Iniciamos o indecifrável mês da Consciência Negra com uma mudança de grande relevância para a história do Brasil. A partir deste ano, o dia 20 de novembro foi oficialmente instituído como feriado nacional, por força da Lei 14.759/2023, que incluiu no calendário nacional o Dia da Consciência Negra e o Dia Nacional de Zumbi dos Palmares. Essa conquista, motivo de celebração para muitos, também gera desconforto para alguns setores da sociedade.
É compreensível que alguns, inclusive figuras de destaque como o cineasta e narrador estadunidense Morgan Freeman, contestem a necessidade de um dia específico para a consciência negra, defendendo, em contraponto, um “dia da consciência humana”. No entanto, tal argumento ignora as particularidades históricas e sociais do Brasil. Após 136 anos do término do regime escravocrata, que vigorou por 388 anos entre o século XVI e 1888, quando a Lei Áurea foi sancionada, a população negra ainda vive sob os impactos da escravidão, com condições de desigualdade que ecoam os grilhões do passado.

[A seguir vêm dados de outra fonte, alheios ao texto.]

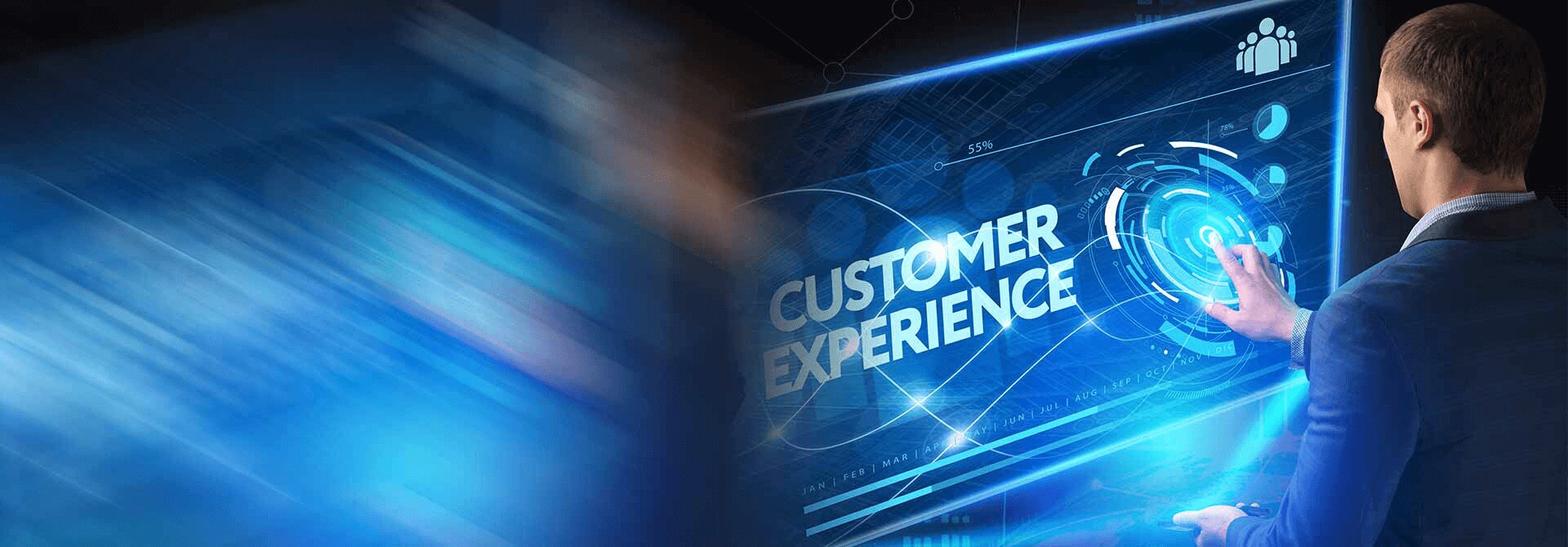 Paradigm Shift in Customer Experience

Portanto, não basta apenas reconhecer um dia para celebrar a consciência negra; são necessárias inúmeras outras iniciativas que promovam a reparação histórica e o enfrentamento ao racismo estrutural. O 20 de novembro, que antes era uma data comemorativa sem caráter oficial, transforma-se agora em um marco de resistência e reflexão. Todavia, é evidente que a transformação desse dia em feriado nacional provocará ainda mais incômodo entre aqueles que já questionavam sua existência quando era apenas uma efeméride.
É certo que os racistas velados – aqueles que disfarçam seu preconceito sob a capa de argumentos aparentemente racionais – veem no feriado um motivo para reafirmarem, ainda que de forma implícita, sua rejeição à luta por igualdade racial. Entretanto, para a população negra consciente, esse tipo de reação não é novidade e não deve ser o foco de nossa preocupação. Devemos, ao contrário, concentrar nossos esforços em fortalecer alianças com aqueles que estão genuinamente comprometidos em reduzir desigualdades e eliminar o racismo.

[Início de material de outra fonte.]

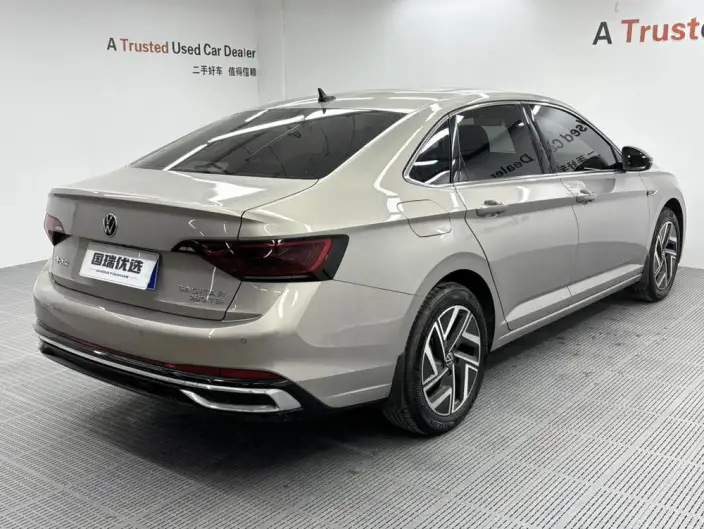 Volkswagen Sagitar 2023 Model 280TSI DSG Beyond Edition – фото 6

Pesquisas realizadas por universidades conceituadas indicam que a espécie humana, o Homo sapiens, teve origem na África há aproximadamente 200 mil anos. Essa hipótese científica, amplamente aceita, reforça a ideia de que o continente africano é o berço da humanidade, sendo habitado pelos primeiros humanos. Assim, todos os seres humanos, inclusive figuras históricas de ideologias opostas à diversidade, como Adolf Hitler, possuem algum grau de ascendência africana. Essa reflexão sublinha que o Dia da Consciência Negra transcende barreiras étnicas ou raciais, sendo uma data para ser celebrada por toda a humanidade.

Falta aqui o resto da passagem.